Governor Charlie Baker defended Salem State University Thursday for using its foundation to pay Tom Brady $170,000 to speak at the college last month.
“They’re not putting any public money into it,” Baker said on the WGBH’s “Boston Public Radio” show with Jim Braude and Margery Eagan.
Baker on the radio said Brady donated the money to his favorite charity, Best Buddies, but later backed away from that statement.
“The governor was referring to the fact that Brady regularly donates proceeds from events like this to his major charity, Best Buddies,” spokesman Tim Buckley said Thursday evening.
Brady’s agent has declined to say whether he actually donated the money. Calls to Best Buddies were not returned.
The speaking fee for the Patriots star — the largest the state college has paid to one of its dozens of speakers over the years — has caused an uproar, as some balk at the figure he accepted and others defend it. The disclosure also has raised questions about whether nonprofit foundations affiliated with public colleges receive adequate oversight.
On the radio, the governor said the college’s speaker series makes money for the university’s foundation and brings prominent figures to the North Shore, the governor’s backyard.
“As somebody who lives on the North Shore, it has absolutely been one of those things that catches your eye all the time,” said Baker, who lives in Swampscott.

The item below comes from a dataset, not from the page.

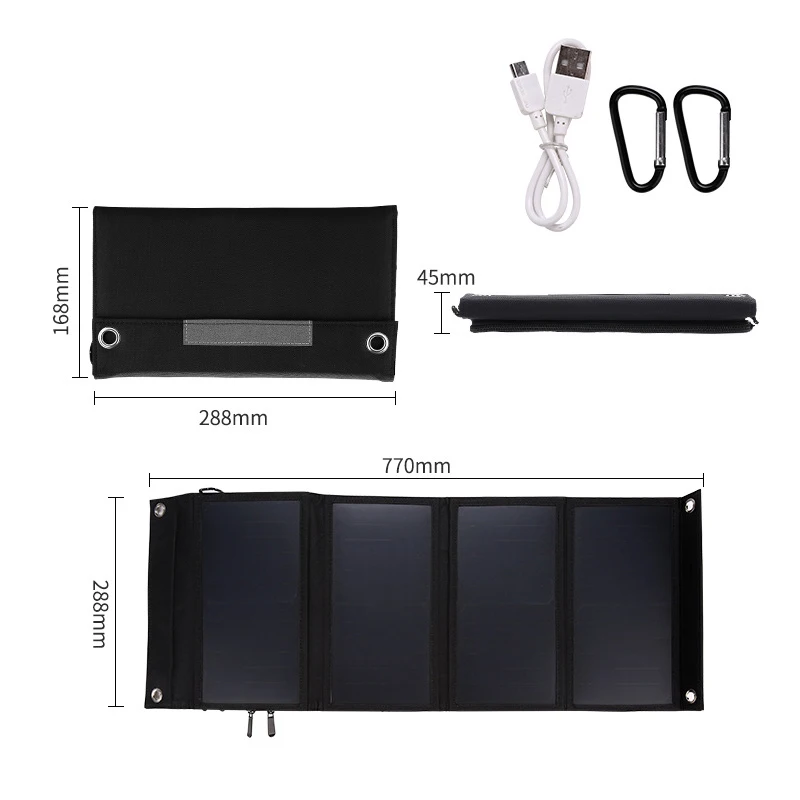 

Solar Charger Waterproof Foldable Dual USB Ports Solar Battery Charger for Phone Tablet SMN88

Salem State’s foundation and other like it are the private fund-raising arms of public colleges. They are overseen by boards of trustees and spend money on scholarships, professors salaries and other academic programs. Because foundations are private, they are not compelled to make their finances public. The Globe learned of Brady’s fee after three public records requests.
Salem State, which costs about $9,000 per year, said the event and fee were funded entirely by sponsors and ticket sales, and that the evening generated a $40,000 profit for the foundation.
The Salem State speaker series in the past has hosted Benazir Bhutto, Desmond Tutu, Maya Angelou, and former presidents — names the governor mentioned during his appearance on the radio show.
Also on the radio show, Baker criticized UMass for its plans to raise tuition and fees by up to 5 percent next year. The UMass Board of Trustees voted 14 to 4 Wednesday to hike costs, saying an increase is unavoidable without a substantial jump in state funding. Baker’s secretary of education, Jim Peyser, a member of the UMass board, voted against the cost increase.
“There are cheaper, better, smarter ways to provide college educations for kids,” Baker said, mentioning online education, three-year degrees, and the option for students to take classes at community colleges while they are in high school.
Baker said UMass received a 3 percent budget increase from the Legislature, despite the state’s $1.8 billion budget gap. UMass should find more innovative ways to make education affordable, rather than raising fees, he said.
“People need to be willing to think differently about the model. Period,” he said.